Investigating this question, in Domain section, Foucault looks at the local power relations at work, identifying four strategies. These are; a hysterization of women’s bodies, a pedagogization of children’s sex, a socialization of procreative behaviour and a psychiatrization of perverse pleasure. (p. 104). As Foucault says:

“Four figures emerged from the preoccupation with sex, which mounted throughout the nineteenth century – four privileged objects of knowledge, which were also targets and anchorage points for the ventures of knowledge: the hysterical woman, the masturbating child, the Malthusian couple, and the perverse adult.

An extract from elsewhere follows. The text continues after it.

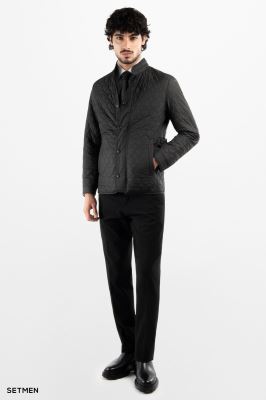 کاپشن مردانه کتی بدون آستر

Each of the correspond to one of these strategies which, each in its own way, invested and made use of the sex of women, children, and men.” (p.105)

Foucault argues that these four anchor points point to  shift in Western society from relations of sex around a ‘deployment of alliance’; or systems of marriage, kinship ties and transmission of names and possessions,  to a ‘deployment of sexuality’. The development of this new deployment of sexuality leads to a key hypothesis:

“We are compelled, then, to accept three or four hypotheses which run counter to the one on which the theme of a sexuality repressed by the modern forms of society is based: sexuality is tied to recent devices of power; it has been expanding at an increasing rate since the seventeenth century; the arrangement that has sustained it is not governed by reproduction; it has been linked from the outset with an intensification of the body – with its exploitation as an object of knowledge and an element in relations to power.” (p. 107)

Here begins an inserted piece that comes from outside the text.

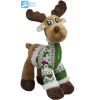 Плюшен музикален коледен елен Amek Toys 25 cm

Finally, Foucault examines how this ‘deployment of sexuality’ has occurred in a time in the last chapter, Periodization. Here, Foucault makes the key analysis that the new deployment of sexuality was not something imposed upon the working classes from the bourgeois, but rather something the bourgeois tried first. This was based on a desire by the bourgeois to obtain the knowledge of truth first, in particular to maximise life:

“The primary concern was not repression of the sex of the classes to be exploited, but rather the body, vigor, longevity, progeniture, and descent of the classes that “ruled”.” (p.123)

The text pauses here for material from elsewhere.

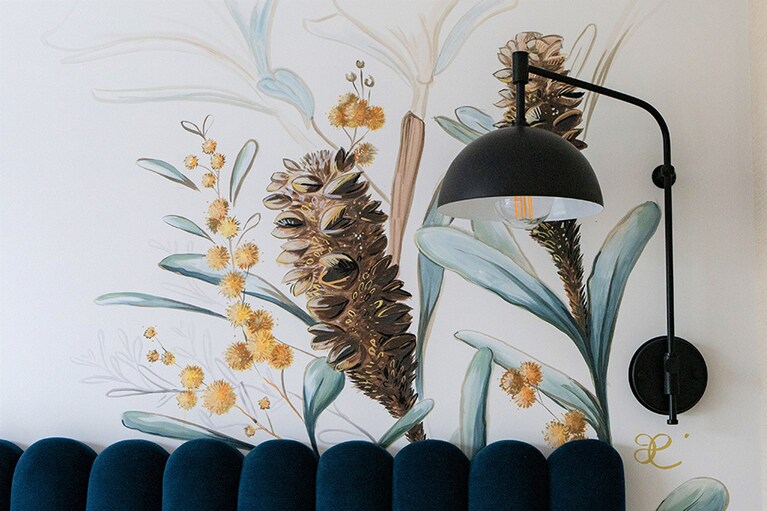 オーストラリアの自然を感じられる空間で心地いい目覚めを。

This leaves us with the final thought: gaining the truth of sex was and is power in itself.

This leaves us with a very short section on the final part of Foucault’s piece, The Right of Death and Power Over Life. This is probably a good way to go, as in some ways this chapter feels a little tacked on to the end of Foucault’s piece (despite it’s interesting content). This chapter can be summarised simply; Foucault argues that our motivations over life and death have changed dramatically. In medieval times, he argues the state had a power over the “Right to Death” – death was something that could be given at will. Now, however, the state acts to provide a “Right to Life”, whether the management of population, or the management of humans health. This builds directly into a system of truth around sexuality and life; one in which the development of “truth” has allowed for the management of life.

So, how does one summarise Foucault? It’s really quite difficult and I’ve learnt through writing these pieces that it is very difficult to get your head around what is such a tiny piece. All I would say is read it. We will all take different things out of it, but it is definitely worth getting your head into.